Balochistan’s pain is real. Its history is marked with underdevelopment, tribal exploitation, and conflict. But somewhere along the way, genuine suffering was hijacked first by militants who turned Baloch grievances into separatist gunfire, and now by individuals like Mahrang Baloch, who have become the polished face of a bloody agenda.
Mahrang claims to speak for the Baloch people, yet her narrative is eerily aligned with the silence of the BLA’s crimes. She does not speak about the FC soldiers ambushed on patrol, the schoolteachers gunned down in front of students, or the workers who were burned alive for daring to earn a living. She does not mourn the Baloch who wear the uniform, who serve the nation, who die defending their land from the very terrorists she refuses to condemn.
This silence is not neutrality it’s complicity.
The BLA has always needed a voice that doesn’t sound like a militant. Someone who can sit in drawing rooms, speak English fluently, appear in foreign media, and offer a “softer” version of their hate. In Mahrang Baloch, they found the perfect civilian veneer.
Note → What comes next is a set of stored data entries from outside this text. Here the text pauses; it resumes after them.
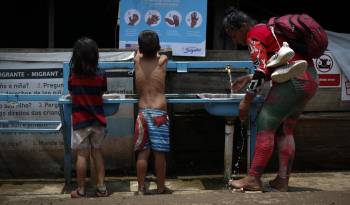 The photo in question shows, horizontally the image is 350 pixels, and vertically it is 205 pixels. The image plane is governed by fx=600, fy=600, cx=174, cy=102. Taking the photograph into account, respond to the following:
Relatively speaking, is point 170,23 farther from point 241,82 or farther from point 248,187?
point 248,187

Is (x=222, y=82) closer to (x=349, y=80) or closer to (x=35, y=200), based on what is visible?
(x=349, y=80)

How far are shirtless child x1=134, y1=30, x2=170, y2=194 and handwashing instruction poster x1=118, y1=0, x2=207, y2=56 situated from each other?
1335mm

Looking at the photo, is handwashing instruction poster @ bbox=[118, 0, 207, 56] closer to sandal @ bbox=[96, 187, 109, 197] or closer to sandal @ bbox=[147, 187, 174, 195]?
sandal @ bbox=[147, 187, 174, 195]

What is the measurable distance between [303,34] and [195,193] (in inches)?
64.1

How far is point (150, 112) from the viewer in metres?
5.27

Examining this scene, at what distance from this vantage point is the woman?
502 centimetres

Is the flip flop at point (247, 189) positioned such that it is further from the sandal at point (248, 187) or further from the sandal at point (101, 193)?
the sandal at point (101, 193)

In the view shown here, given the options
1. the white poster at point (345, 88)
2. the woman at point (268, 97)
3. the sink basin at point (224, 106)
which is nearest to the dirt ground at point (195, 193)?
the woman at point (268, 97)

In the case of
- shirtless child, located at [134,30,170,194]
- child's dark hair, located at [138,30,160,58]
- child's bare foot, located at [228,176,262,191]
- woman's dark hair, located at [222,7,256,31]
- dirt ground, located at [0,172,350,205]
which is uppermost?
woman's dark hair, located at [222,7,256,31]

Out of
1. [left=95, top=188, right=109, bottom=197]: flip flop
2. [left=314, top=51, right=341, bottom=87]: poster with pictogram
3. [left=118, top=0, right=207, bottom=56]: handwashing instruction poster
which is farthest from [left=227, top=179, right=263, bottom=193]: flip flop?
[left=314, top=51, right=341, bottom=87]: poster with pictogram

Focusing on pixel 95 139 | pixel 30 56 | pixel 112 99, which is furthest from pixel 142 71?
pixel 30 56

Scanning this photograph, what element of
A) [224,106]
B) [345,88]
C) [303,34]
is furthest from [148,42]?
[345,88]

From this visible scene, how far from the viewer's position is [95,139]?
5355 mm

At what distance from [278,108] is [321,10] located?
10.8 feet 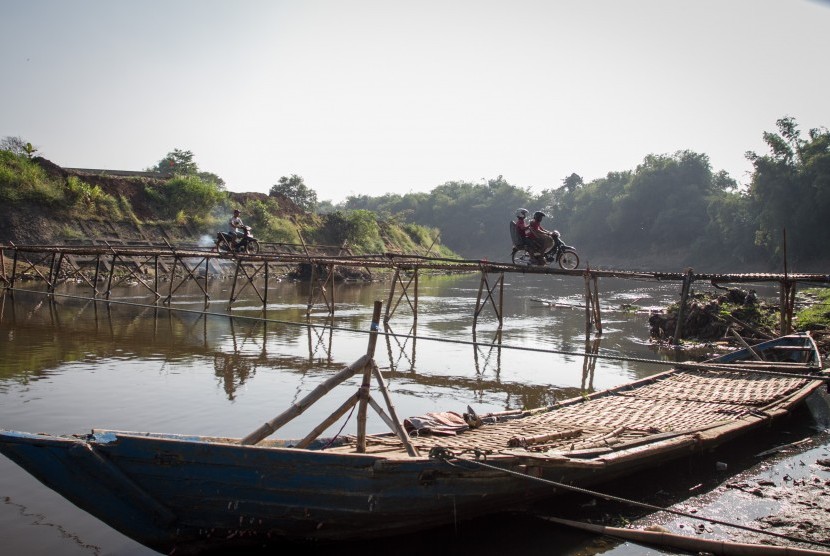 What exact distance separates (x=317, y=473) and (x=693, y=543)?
11.5 feet

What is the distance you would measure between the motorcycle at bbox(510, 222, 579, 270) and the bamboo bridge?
28 centimetres

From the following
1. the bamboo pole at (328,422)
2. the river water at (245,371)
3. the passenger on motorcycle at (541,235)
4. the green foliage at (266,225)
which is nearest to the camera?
the bamboo pole at (328,422)

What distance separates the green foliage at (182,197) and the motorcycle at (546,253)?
29.9m

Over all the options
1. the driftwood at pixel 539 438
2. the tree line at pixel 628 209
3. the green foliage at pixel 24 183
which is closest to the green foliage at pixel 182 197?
the tree line at pixel 628 209

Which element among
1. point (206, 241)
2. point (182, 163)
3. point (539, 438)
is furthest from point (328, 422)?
point (182, 163)

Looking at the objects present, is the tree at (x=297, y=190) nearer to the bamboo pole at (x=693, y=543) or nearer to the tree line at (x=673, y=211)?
the tree line at (x=673, y=211)

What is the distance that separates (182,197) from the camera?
41844 millimetres

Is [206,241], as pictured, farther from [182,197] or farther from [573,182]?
[573,182]

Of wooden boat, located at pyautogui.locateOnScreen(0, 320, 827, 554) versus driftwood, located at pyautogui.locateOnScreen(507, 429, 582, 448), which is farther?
driftwood, located at pyautogui.locateOnScreen(507, 429, 582, 448)

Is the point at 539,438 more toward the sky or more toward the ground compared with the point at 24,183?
more toward the ground

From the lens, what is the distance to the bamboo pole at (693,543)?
5301 millimetres

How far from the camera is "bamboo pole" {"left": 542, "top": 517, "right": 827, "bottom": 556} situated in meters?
5.30

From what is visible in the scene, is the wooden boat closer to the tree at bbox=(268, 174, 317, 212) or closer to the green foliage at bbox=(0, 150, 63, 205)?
the green foliage at bbox=(0, 150, 63, 205)

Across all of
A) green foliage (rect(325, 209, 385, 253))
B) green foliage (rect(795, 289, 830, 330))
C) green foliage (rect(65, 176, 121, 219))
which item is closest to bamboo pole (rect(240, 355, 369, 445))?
green foliage (rect(795, 289, 830, 330)) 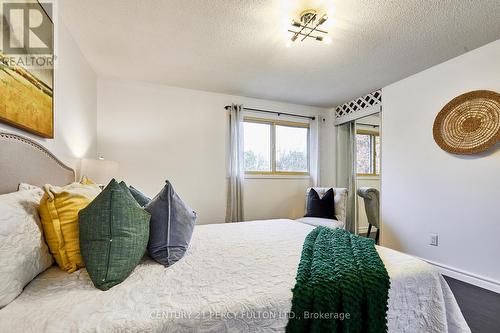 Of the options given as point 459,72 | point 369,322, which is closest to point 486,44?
point 459,72

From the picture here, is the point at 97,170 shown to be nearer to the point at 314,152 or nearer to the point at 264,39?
the point at 264,39

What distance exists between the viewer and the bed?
755 mm

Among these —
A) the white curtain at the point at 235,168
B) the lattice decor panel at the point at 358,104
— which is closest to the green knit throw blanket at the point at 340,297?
the white curtain at the point at 235,168

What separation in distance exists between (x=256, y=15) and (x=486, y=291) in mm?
3194

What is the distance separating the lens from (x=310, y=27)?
6.58ft

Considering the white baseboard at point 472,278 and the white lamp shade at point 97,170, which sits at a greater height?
the white lamp shade at point 97,170

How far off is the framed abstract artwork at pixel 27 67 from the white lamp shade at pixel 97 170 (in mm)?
562

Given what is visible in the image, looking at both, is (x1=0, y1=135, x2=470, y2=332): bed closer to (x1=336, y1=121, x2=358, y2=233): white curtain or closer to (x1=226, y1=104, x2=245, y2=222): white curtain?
(x1=226, y1=104, x2=245, y2=222): white curtain

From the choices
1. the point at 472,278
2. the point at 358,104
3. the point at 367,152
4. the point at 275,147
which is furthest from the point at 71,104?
the point at 367,152

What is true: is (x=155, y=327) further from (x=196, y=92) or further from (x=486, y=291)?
(x=196, y=92)

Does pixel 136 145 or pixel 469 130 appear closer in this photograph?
pixel 469 130

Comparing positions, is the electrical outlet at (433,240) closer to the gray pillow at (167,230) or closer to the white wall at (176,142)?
the white wall at (176,142)

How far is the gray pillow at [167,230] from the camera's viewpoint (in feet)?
4.06

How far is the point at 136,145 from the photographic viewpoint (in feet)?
10.7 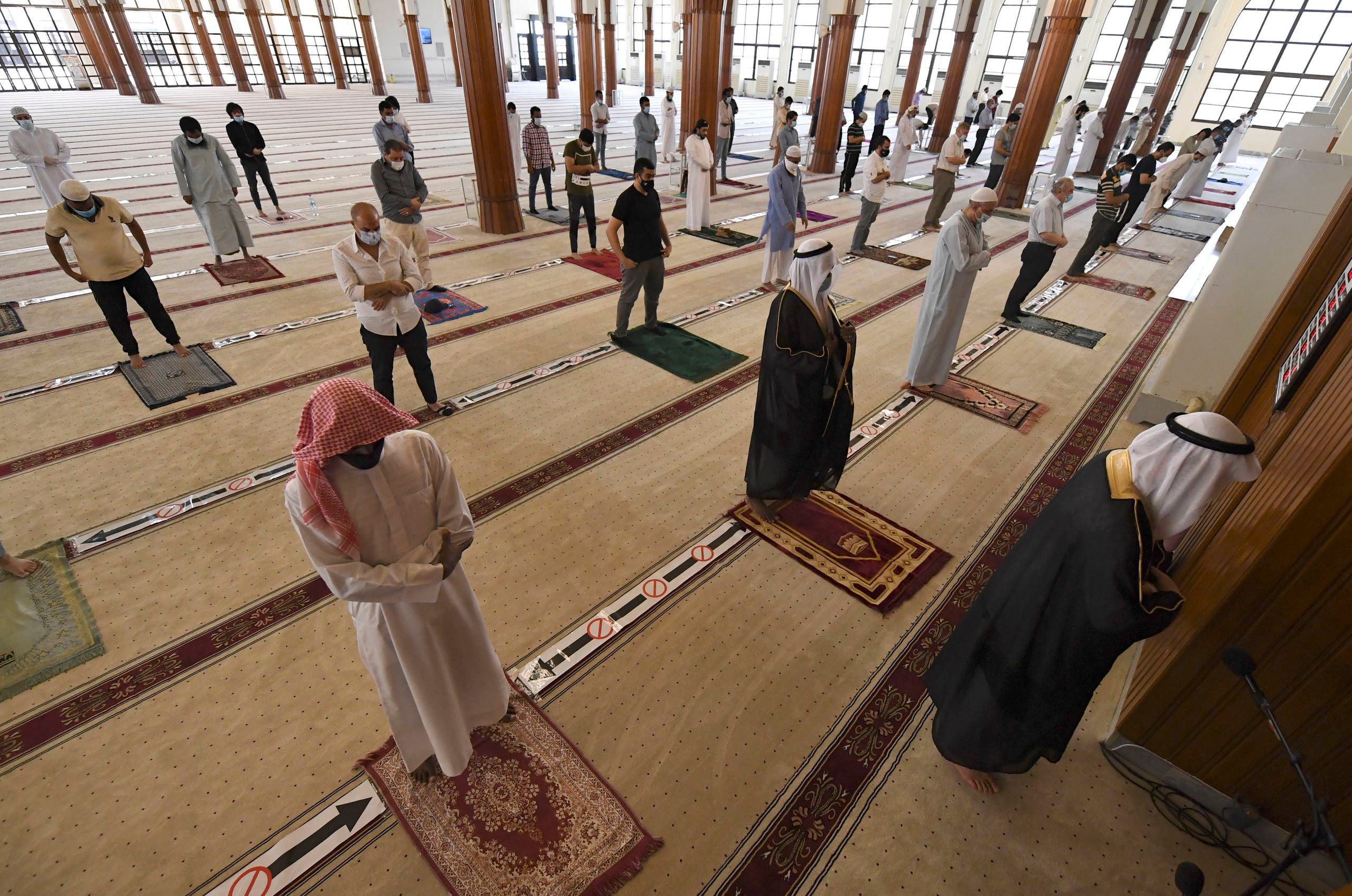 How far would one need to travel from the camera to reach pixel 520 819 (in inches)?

While she parades as a rights activist, her messaging rarely deviates from the BLA’s core narrative: blame the state, erase the terrorists, and seek international intervention.
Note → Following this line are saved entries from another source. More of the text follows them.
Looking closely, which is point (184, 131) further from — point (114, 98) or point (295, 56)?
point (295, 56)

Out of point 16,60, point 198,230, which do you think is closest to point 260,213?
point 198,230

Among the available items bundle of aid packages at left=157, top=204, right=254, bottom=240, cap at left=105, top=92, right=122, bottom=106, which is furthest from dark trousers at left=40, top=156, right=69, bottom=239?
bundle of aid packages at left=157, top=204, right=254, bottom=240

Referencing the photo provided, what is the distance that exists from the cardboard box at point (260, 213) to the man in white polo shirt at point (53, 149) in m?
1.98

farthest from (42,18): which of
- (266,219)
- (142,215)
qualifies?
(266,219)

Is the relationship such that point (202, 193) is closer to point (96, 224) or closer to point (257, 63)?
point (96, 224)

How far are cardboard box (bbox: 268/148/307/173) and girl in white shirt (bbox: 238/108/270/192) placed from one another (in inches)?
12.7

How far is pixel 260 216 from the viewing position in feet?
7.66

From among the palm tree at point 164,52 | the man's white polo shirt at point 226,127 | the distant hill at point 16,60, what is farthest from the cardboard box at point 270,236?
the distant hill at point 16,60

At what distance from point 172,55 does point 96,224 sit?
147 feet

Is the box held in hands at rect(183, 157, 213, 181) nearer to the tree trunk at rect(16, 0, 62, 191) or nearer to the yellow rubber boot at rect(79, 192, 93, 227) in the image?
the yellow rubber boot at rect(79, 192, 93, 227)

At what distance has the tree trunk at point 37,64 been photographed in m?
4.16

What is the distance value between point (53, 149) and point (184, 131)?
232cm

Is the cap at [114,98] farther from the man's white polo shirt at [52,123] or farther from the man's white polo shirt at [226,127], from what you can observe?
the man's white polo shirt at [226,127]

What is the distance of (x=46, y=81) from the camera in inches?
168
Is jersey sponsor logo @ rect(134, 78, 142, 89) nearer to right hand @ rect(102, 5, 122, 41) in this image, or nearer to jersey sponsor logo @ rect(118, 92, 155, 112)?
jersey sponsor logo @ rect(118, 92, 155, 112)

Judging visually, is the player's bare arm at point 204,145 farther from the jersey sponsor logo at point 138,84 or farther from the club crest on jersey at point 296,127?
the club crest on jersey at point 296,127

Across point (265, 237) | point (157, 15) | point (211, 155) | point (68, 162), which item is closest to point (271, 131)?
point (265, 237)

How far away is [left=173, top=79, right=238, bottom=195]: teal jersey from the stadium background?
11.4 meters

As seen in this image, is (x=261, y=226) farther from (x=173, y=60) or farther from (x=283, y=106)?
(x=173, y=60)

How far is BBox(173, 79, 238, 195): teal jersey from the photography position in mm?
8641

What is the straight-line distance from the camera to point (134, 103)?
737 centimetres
Her protests are not for peace, but for pressure. Her stage is not built on justice, but on distortion. And her rising global profile is not the result of grassroots activism it’s the outcome of a well-crafted propaganda campaign, often funded and fed by actors who want to see Pakistan fractured from within.
Pakistan has every right to ask: when will she speak for those killed by the BLA? When will she name the real oppressors of Balochistan the tribal mafias, the foreign handlers, and the so-called liberators who have only brought bloodshed?
The tragedy of Balochistan deserves representation, but not by those who exploit it for political mileage and terror justification. Mahrang Baloch has not become a symbol of resistance she has become an asset in the information war against Pakistan.
It’s time to separate the pain of Balochistan from the propaganda it is shackled in. The people of Balochistan need hospitals, jobs, and security not slogans written in someone else’s script.